ASSIGNMENT: Make an exact copy of the entries below with the pictures removed.

Crawled caption data:
= = = = =

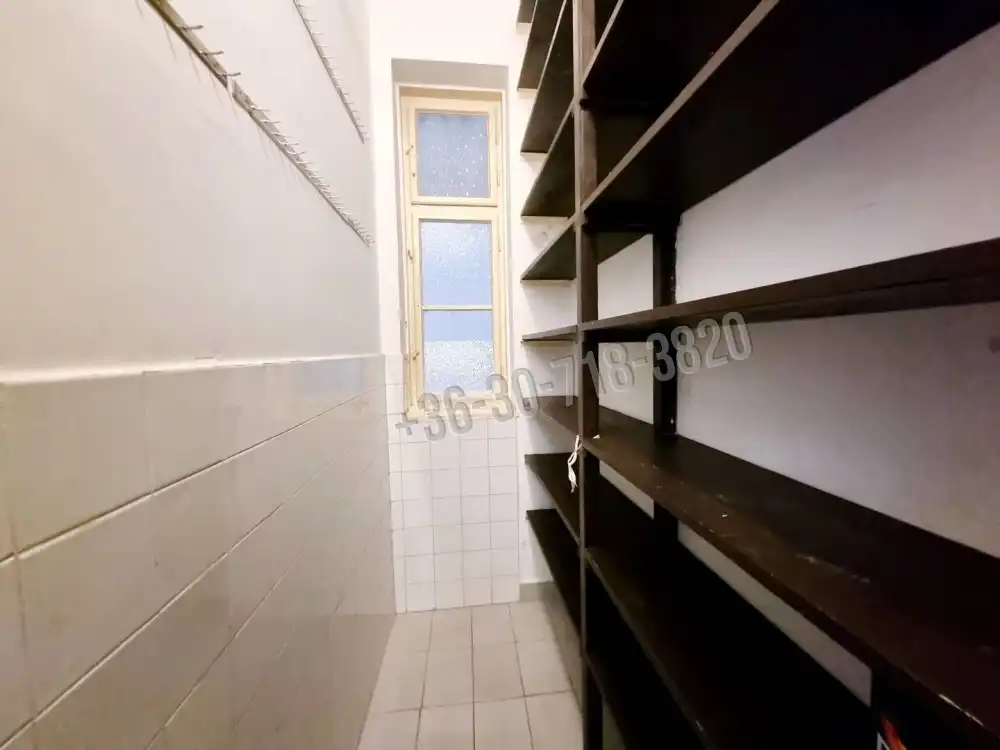 Budapest, IX. kerület - Középső-Ferencváros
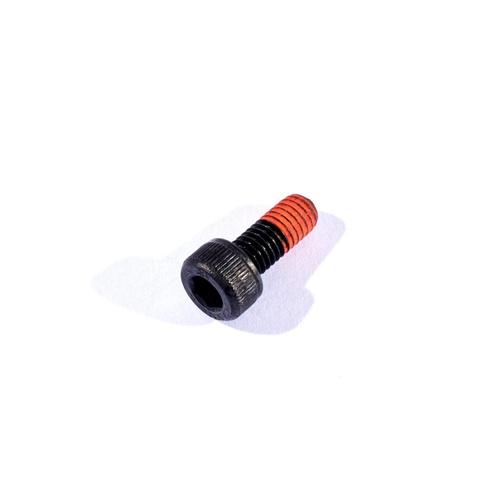 อะไหล่ HM1306#51 HEX SOCKET BOLT M5X12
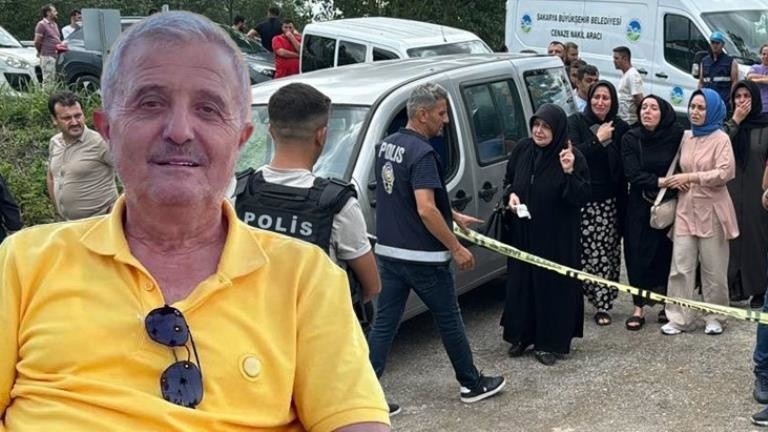 Eski Ferizli Belediye Başkanı silahlı saldırı sonucu hayatını kaybetti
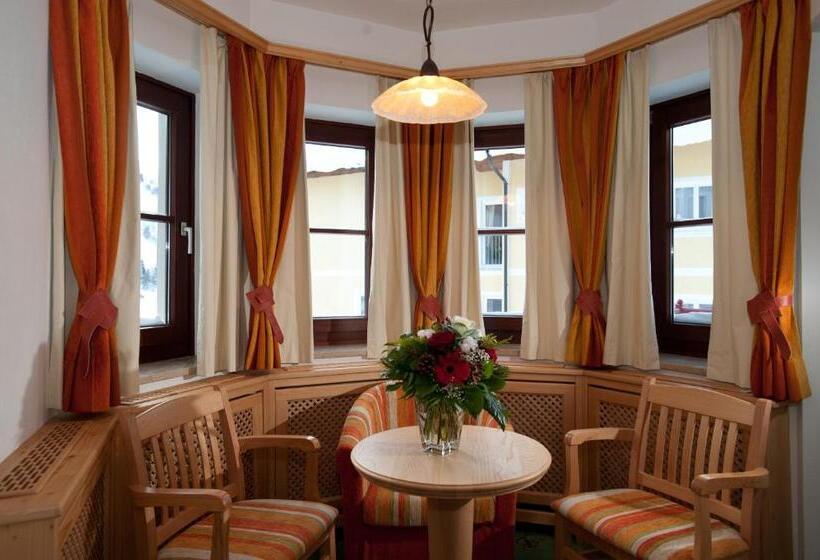 Номер Superior, Alphatauern Health Resort   Adults Only 15 Plus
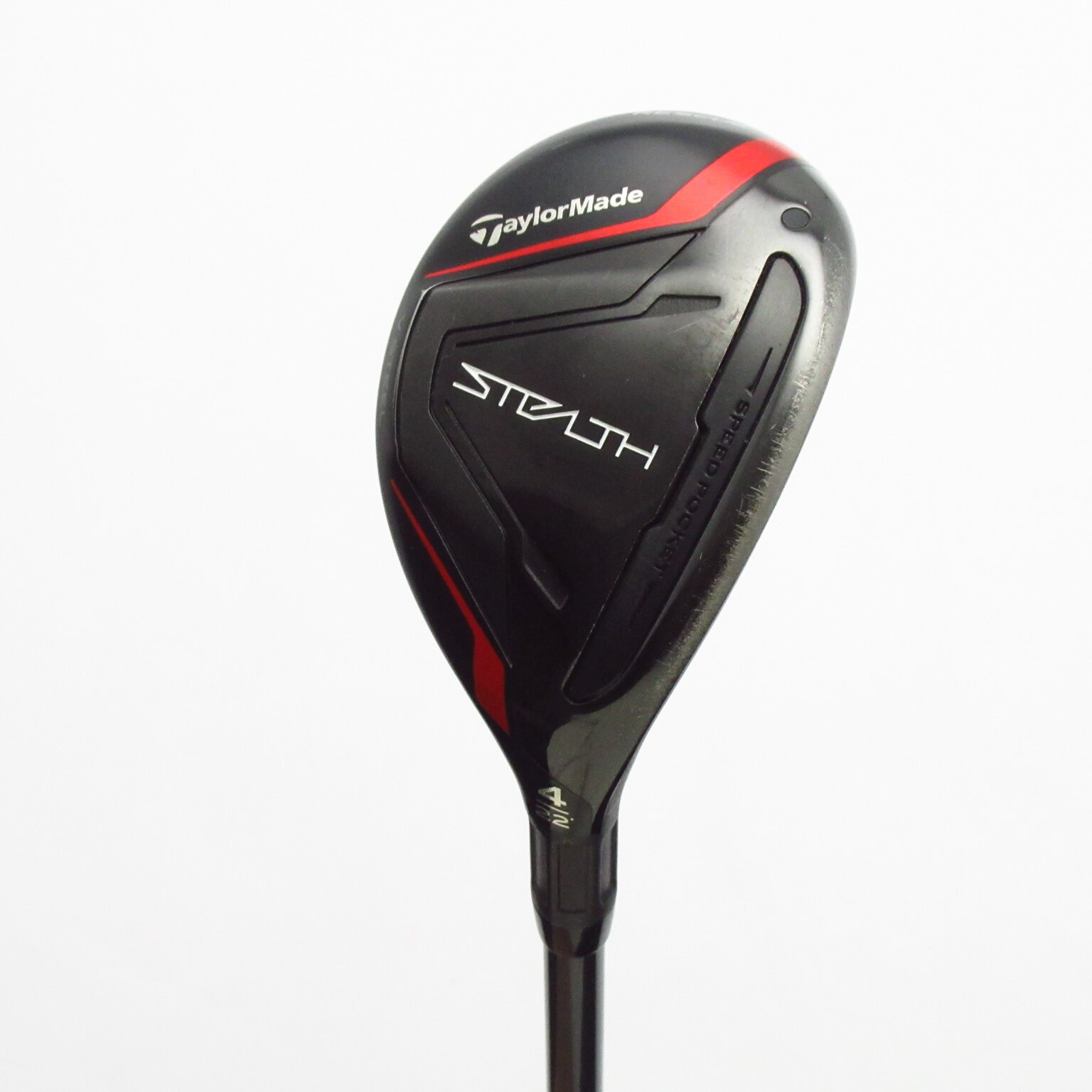 中古】ステルス ユーティリティ (テーラーメイド) 通販｜GDO中古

= = = = =

RESPONSE TO THE EXERCISE:
 Budapest, IX. kerület - Középső-Ferencváros
 อะไหล่ HM1306#51 HEX SOCKET BOLT M5X12
 Eski Ferizli Belediye Başkanı silahlı saldırı sonucu hayatını kaybetti
 Номер Superior, Alphatauern Health Resort   Adults Only 15 Plus
 中古】ステルス ユーティリティ (テーラーメイド) 通販｜GDO中古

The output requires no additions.